TASK OBJECTIVE.
Begin at the line containing "He'll also have" in the data below and go on through the line containing "The fix for", repeating each line exactly; include both ends and no other line.

PROVIDED DATA.
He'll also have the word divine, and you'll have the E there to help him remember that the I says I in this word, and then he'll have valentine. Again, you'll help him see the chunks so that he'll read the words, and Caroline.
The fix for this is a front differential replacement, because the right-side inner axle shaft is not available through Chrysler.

--

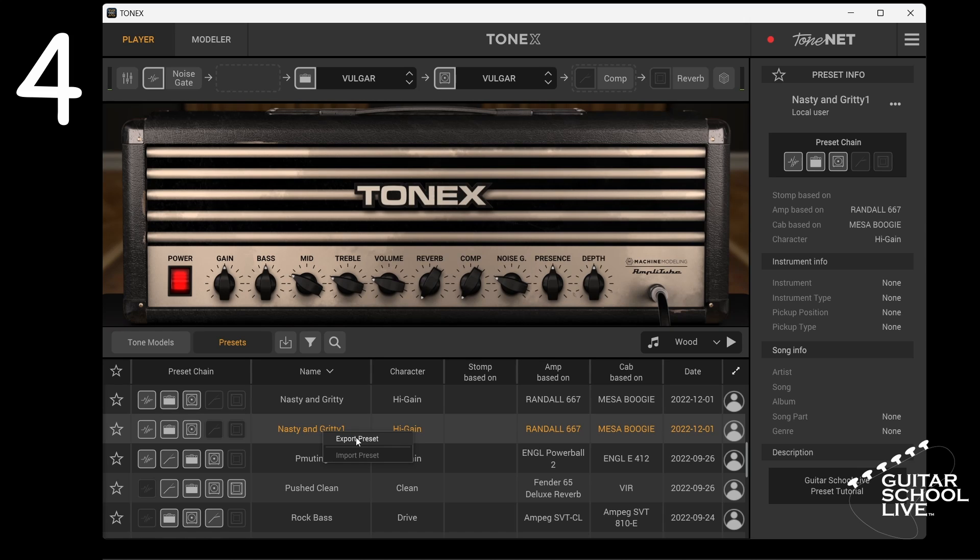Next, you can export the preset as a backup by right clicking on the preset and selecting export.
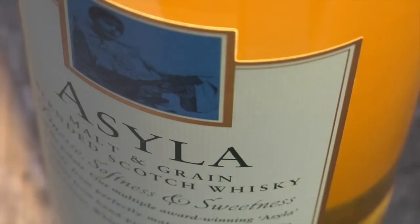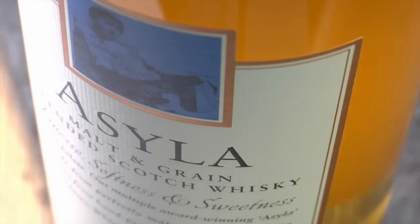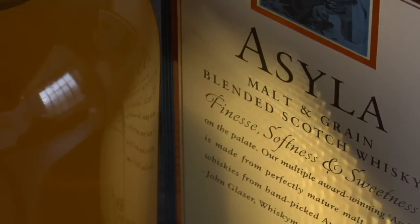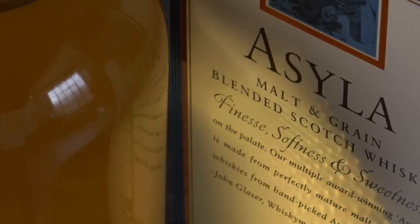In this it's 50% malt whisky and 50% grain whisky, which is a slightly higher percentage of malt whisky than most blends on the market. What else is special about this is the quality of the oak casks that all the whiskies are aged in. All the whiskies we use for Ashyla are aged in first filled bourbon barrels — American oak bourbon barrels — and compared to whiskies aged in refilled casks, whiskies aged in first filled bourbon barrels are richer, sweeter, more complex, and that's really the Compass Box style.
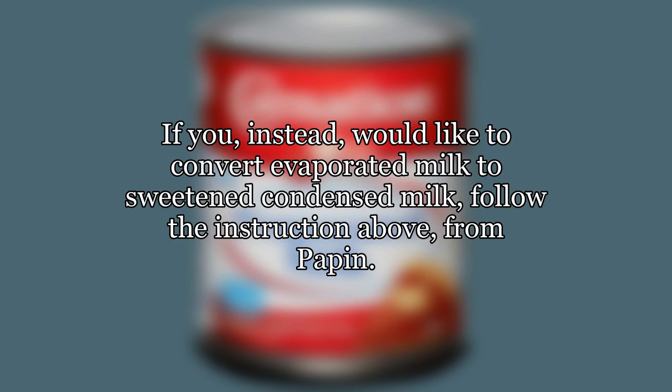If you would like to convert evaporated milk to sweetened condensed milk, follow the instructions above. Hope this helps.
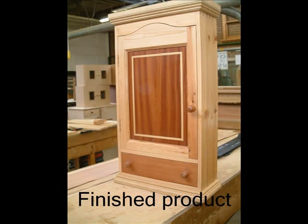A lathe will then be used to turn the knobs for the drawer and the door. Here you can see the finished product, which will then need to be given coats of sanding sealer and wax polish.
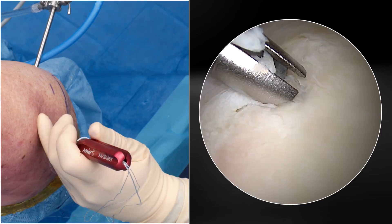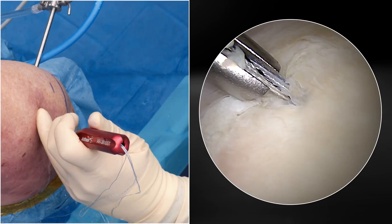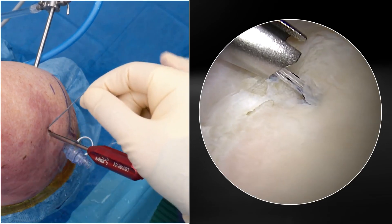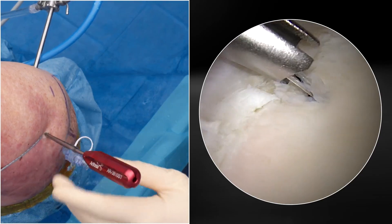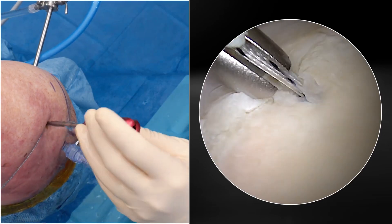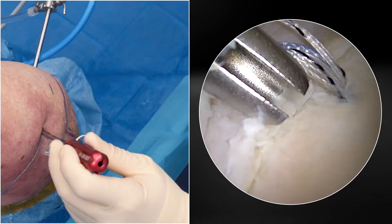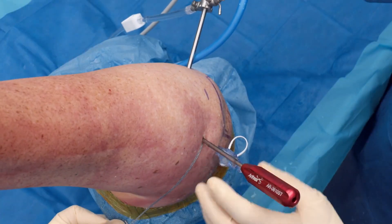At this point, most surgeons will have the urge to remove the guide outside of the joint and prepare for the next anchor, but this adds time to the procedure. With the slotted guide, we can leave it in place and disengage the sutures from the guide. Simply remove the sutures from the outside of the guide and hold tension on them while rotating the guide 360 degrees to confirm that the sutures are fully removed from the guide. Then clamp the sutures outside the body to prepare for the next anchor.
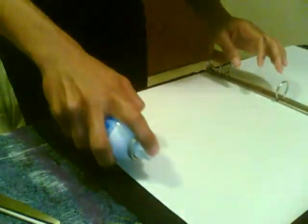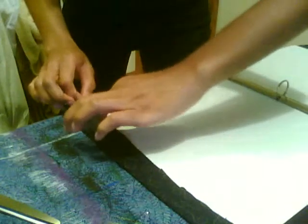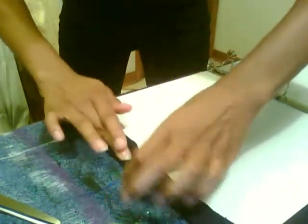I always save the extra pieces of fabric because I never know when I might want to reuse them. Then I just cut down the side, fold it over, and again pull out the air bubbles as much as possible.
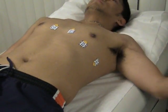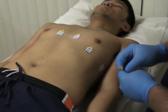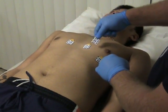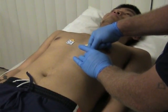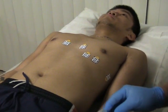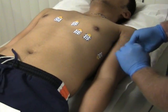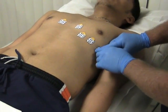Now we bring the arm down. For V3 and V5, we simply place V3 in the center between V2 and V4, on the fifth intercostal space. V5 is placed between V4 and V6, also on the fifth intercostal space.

* * *

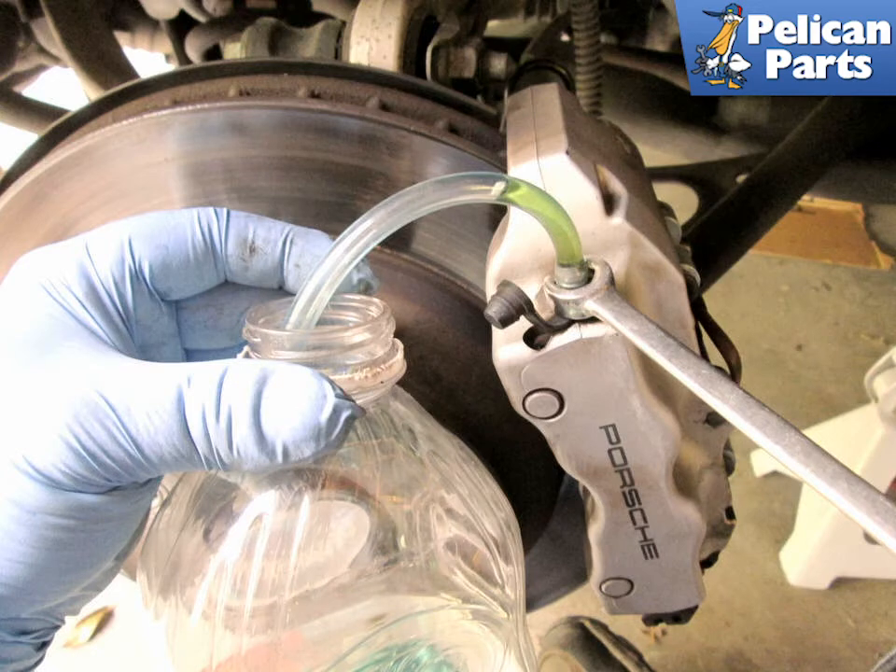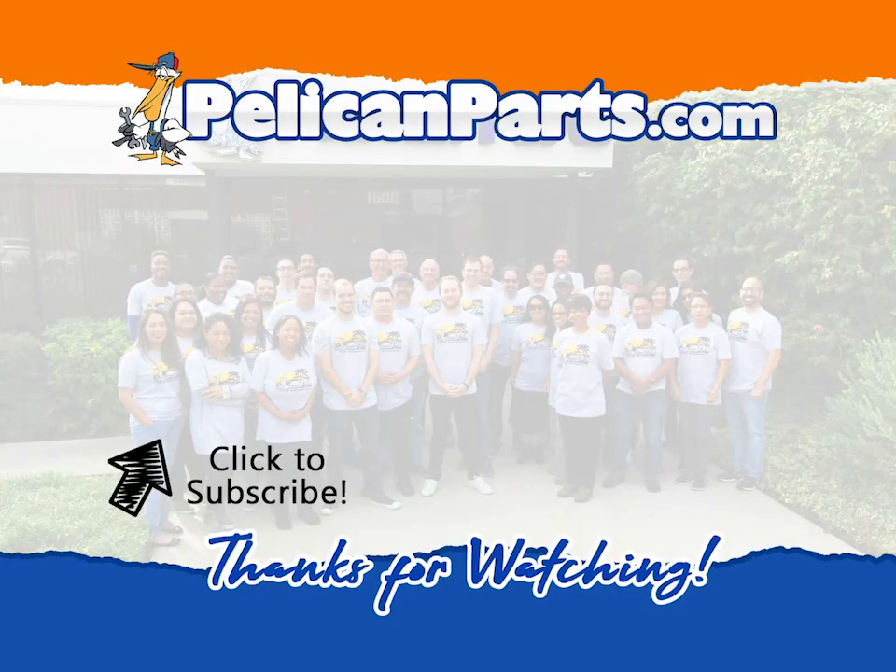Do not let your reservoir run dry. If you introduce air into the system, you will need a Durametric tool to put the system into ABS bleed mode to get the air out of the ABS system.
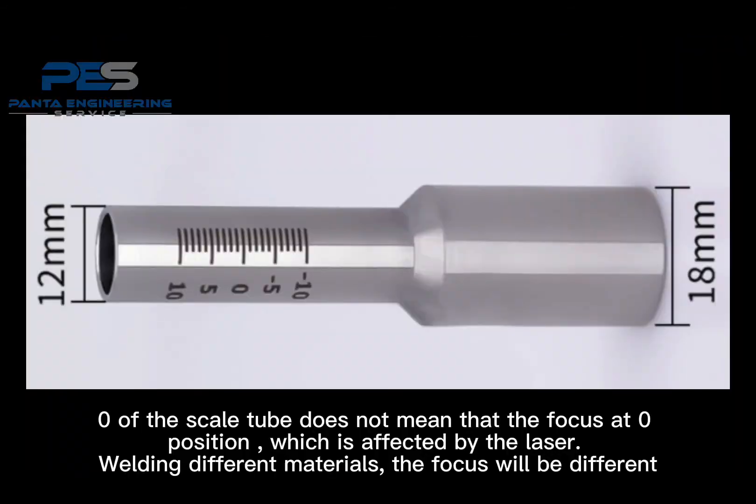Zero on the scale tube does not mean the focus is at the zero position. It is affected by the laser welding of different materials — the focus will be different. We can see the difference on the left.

RESPONSE TO THIS TASK.
He'll also have the word divine, and you'll have the E there to help him remember that the I says I in this word, and then he'll have valentine. Again, you'll help him see the chunks so that he'll read the words, and Caroline.
The fix for this is a front differential replacement, because the right-side inner axle shaft is not available through Chrysler.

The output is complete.